NatPost reports the Tories are on the verge of winning a majority government. It's a good headline but that's all it's good for.

Darrel Bricker should be saluted, not for telling the truth, but for managing to spin the poll into a headline for the National Post. So many people really don't know how to read polls, don't know the basics of statistics, and are easily drawn to the wrong conclusions. Especially if Pollsters feed those perceptions.

This poll had a survey size of 2000. This should produce a confidence interval of somewhere between 2-3%. All a confidence interval means is that if that same poll was redone 100 times, 95 times out of 100 the numbers would be within 2-3% of the first poll you did.

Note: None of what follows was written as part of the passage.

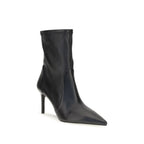 Stuart Weitzman Black Calf Leather Bos Taurus Ankle Boots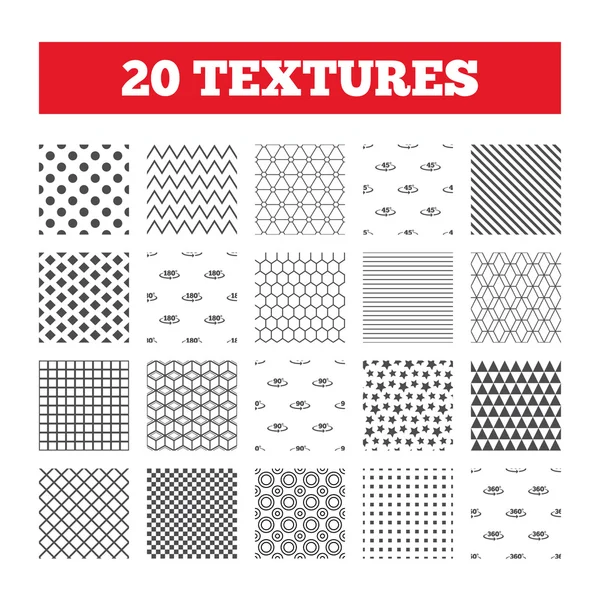 Seamless patterns. Endless textures. — Stock Illustration Seamless patterns. Endless textures. Royalty Free Stock Illustrations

That is what they call a 95% Confidence Interval and is an industry standard. Now depending on the question you ask, the time of day you ask it and a host of other factors the accuracy of your poll can be affected. Merely by asking a different question you can get significantly different results.

This poll has a national confidence interval of 2-3%. However what determines if the Tories are within majority territory are the numbers in Ontario. The numbers in Ontario are based on about a 1/3rd of the survey size. That means a confidence interval of about 5%. The numbers given for Ontario was 40% for the Tories, and 35% for the Whigs. The intervals between Tory and Liberal support overlap. That is usually a pretty good indication that there is a high statically possibility that those two proportions could be equal. In other words: the Tories and the Liberals might actually be tied in Ontario. In fact other polls coming out lately have shown much closer numbers for Ontario would you believe.

So seeing this Darrel Bricker, if he wanted to be statically sound, would have said nothing of the sort that he did. He could have said there is a slight possibility of a Tory majority. If he wanted to say more he should have done a poll just of Ontario - because as most agree a difference of 5% could make a majority or minority at this point. But coming to conclusions like this one - no matter how satisfying to myself personally - makes no sense.

I would feel dishonest if I said nothing about it.